Exercise goal ▸
Your answer must be an exact copy of the lines from the one containing "wireless earphone shape" through the last line of the records below, with no pictures; please include nothing else.

Input data ▸
* * * * *
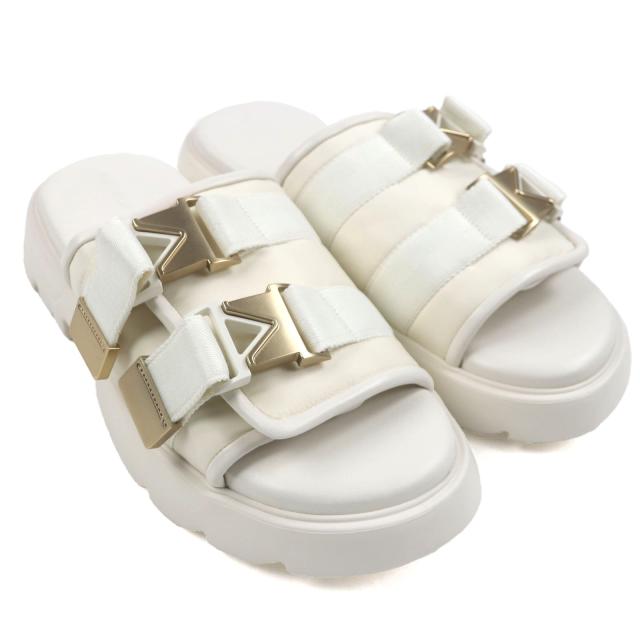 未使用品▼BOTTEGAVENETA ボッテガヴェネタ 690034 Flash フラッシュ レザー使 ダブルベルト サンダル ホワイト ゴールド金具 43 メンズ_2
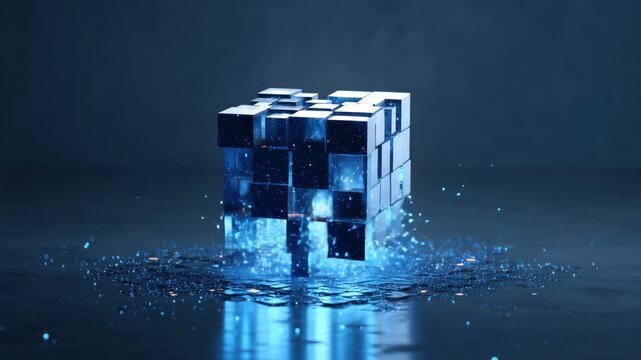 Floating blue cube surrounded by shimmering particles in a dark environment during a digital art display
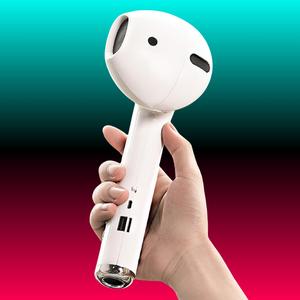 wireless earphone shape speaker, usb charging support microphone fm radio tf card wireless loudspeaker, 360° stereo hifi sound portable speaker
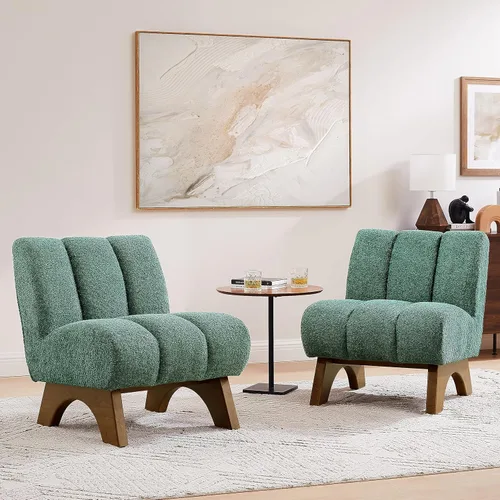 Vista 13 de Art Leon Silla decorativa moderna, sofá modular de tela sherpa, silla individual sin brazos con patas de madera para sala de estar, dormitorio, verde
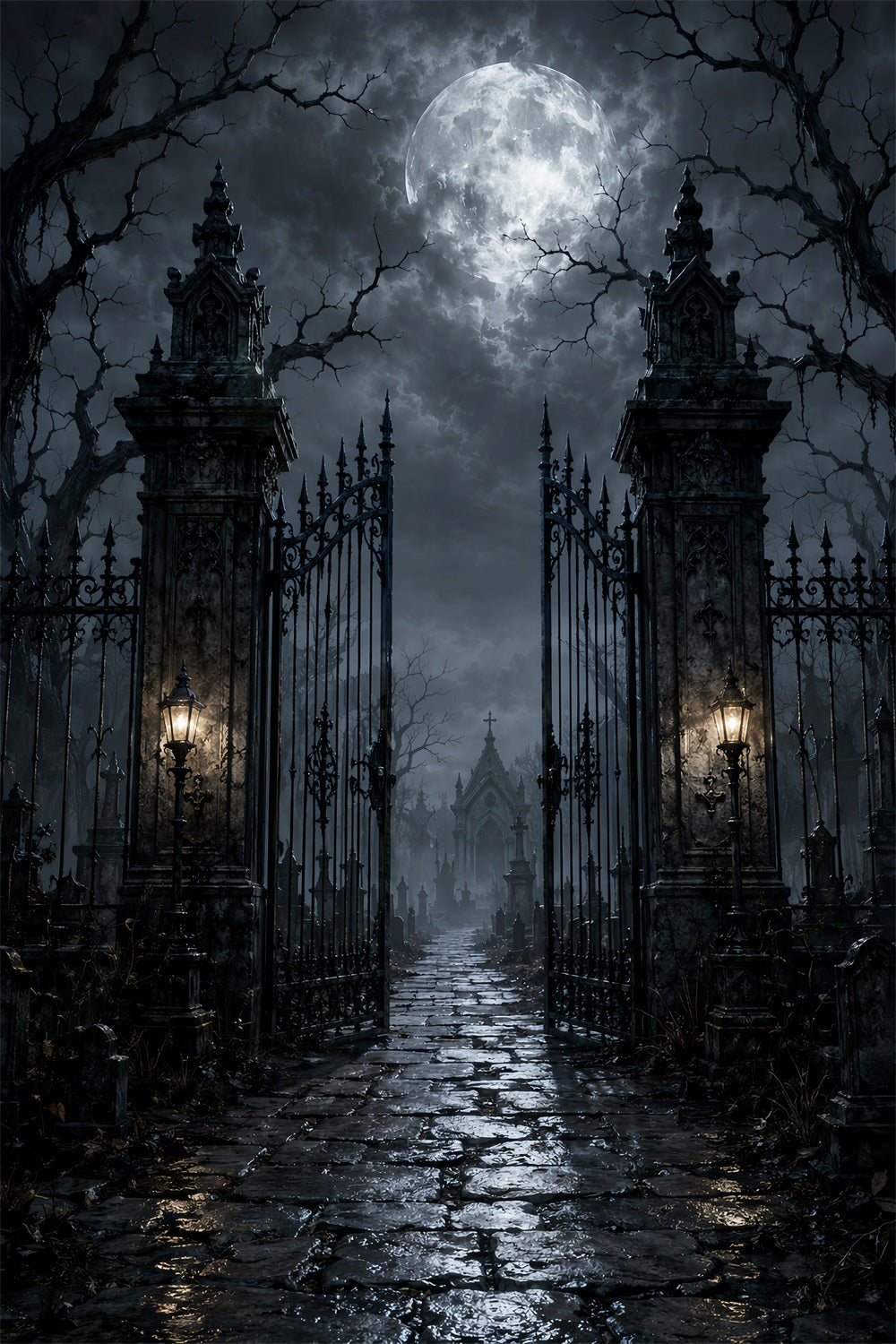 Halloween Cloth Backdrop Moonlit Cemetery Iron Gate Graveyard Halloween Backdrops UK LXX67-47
* * * * *
Result of this task ▸
 wireless earphone shape speaker, usb charging support microphone fm radio tf card wireless loudspeaker, 360° stereo hifi sound portable speaker
 Vista 13 de Art Leon Silla decorativa moderna, sofá modular de tela sherpa, silla individual sin brazos con patas de madera para sala de estar, dormitorio, verde
 Halloween Cloth Backdrop Moonlit Cemetery Iron Gate Graveyard Halloween Backdrops UK LXX67-47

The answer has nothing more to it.